Cape Disappointment. Not exactly a promising name for a place you’re planning to vacation. However, my wife, two-year-old son and I just returned from a long weekend at Cape Disappointment State Park where we vacationed with friends and had a wonderful time.
Located in Washington State’s southwestern most corner, Cape Disappointment is bordered by the Pacific Ocean to the west and the mighty Columbia River to the South. The park offers 27 miles of ocean beach, two lighthouses, an interpretive center and hiking trails.

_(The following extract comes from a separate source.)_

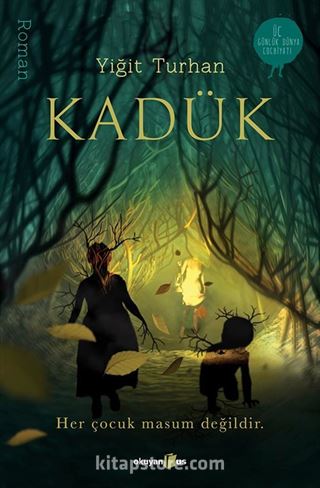 Kadük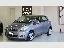 TOYOTA Yaris 1.0 5p. Sol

Cape Disappointment, discovered and named by English fur trader John Meares on July 6th, 1788 was so named because at the time Meares was disappointed that he had not discovered the mouth of the Columbia River. A storm forced him to give up his search just north of the river’s mouth. I’m sure he was truly disappointed when he later realized precisely how close he was. Sometimes the breaks just don’t fall your way.
It’s one of the foggiest places in the country with the equivalent of 106 days of the misty white stuff hanging around to greet you – not unusual in Washington State. Fog notwithstanding, this park is a beautiful place. Majestic vistas abound with views of the vast Pacific Ocean to the west, the mighty Columbia River to the south, and acres of lush green forest to the east and north. As mentioned the park has multiple hiking trails of varying difficulty. One such hike led our families to the Cape Disappointment Lighthouse. The trail began at the Lewis and Clark interpretive Center, down a ravine past a beautiful hidden cove appropriately named Dead Man’s Cove, and back up the other side to the lighthouse.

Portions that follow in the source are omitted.